• Work to be completed: Search the data for the word "Premium" and copy every line that contains it.

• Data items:
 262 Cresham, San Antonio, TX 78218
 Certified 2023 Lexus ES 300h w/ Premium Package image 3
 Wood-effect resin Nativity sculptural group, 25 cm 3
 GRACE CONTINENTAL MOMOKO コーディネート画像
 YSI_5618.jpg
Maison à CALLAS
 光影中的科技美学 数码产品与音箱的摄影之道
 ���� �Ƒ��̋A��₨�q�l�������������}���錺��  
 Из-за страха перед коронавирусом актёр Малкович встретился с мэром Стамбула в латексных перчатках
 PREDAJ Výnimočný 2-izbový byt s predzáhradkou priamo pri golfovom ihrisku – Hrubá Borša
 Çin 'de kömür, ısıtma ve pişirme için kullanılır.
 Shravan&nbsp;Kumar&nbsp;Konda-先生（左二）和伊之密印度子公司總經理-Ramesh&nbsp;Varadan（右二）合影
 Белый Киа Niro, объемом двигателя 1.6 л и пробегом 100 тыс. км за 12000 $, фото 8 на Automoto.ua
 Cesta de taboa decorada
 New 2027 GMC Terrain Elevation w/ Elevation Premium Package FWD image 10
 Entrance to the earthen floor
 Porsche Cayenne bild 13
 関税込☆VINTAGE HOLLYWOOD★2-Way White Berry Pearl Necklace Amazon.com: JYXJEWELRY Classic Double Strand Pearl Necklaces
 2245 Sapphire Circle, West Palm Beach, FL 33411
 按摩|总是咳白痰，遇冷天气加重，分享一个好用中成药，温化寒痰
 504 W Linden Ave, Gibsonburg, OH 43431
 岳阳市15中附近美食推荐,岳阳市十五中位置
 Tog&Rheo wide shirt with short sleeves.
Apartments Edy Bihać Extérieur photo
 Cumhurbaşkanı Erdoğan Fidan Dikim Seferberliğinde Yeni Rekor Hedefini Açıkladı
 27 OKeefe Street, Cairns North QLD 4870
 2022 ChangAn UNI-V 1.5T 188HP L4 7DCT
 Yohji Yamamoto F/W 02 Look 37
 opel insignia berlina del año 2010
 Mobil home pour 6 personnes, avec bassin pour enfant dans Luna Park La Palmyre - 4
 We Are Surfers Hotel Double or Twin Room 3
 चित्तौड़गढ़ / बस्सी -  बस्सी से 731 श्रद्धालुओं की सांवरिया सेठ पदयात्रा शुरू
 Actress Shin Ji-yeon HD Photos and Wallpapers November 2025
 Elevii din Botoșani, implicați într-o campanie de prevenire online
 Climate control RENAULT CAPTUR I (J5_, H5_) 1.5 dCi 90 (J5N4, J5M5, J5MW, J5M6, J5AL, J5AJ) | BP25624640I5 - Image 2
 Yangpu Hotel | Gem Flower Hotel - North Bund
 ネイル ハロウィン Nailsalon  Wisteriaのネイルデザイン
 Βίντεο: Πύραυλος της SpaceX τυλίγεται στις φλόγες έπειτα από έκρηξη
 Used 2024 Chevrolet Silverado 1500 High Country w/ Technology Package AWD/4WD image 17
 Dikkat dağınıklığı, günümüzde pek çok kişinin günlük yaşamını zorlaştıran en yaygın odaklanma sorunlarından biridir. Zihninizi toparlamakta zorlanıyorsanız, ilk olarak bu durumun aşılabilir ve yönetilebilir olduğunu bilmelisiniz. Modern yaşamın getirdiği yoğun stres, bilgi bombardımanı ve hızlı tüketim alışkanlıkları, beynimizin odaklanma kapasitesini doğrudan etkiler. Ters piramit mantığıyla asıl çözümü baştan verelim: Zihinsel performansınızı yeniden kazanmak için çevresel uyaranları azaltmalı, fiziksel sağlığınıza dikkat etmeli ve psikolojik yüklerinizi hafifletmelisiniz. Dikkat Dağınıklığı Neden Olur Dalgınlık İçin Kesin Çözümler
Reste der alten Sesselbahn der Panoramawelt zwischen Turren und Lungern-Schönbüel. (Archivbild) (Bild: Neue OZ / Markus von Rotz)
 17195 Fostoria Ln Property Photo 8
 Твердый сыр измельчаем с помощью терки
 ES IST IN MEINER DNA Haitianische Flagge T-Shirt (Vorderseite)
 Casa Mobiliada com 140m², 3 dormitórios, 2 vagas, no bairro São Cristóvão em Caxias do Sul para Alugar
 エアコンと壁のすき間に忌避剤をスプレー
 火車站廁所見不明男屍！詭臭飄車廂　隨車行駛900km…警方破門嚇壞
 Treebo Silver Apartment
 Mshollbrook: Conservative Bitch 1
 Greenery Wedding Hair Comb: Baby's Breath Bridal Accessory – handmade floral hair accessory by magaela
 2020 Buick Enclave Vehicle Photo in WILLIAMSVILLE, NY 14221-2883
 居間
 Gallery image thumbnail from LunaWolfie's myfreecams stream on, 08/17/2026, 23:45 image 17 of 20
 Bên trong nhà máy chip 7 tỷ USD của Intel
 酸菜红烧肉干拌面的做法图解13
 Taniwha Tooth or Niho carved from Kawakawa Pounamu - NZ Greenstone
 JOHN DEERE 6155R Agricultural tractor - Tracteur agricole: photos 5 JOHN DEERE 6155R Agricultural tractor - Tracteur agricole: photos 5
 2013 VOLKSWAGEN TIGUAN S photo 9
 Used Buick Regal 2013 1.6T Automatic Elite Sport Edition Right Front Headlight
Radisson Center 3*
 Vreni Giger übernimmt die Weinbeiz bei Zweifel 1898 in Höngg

• Solution to the problem:
 Certified 2023 Lexus ES 300h w/ Premium Package image 3
 New 2027 GMC Terrain Elevation w/ Elevation Premium Package FWD image 10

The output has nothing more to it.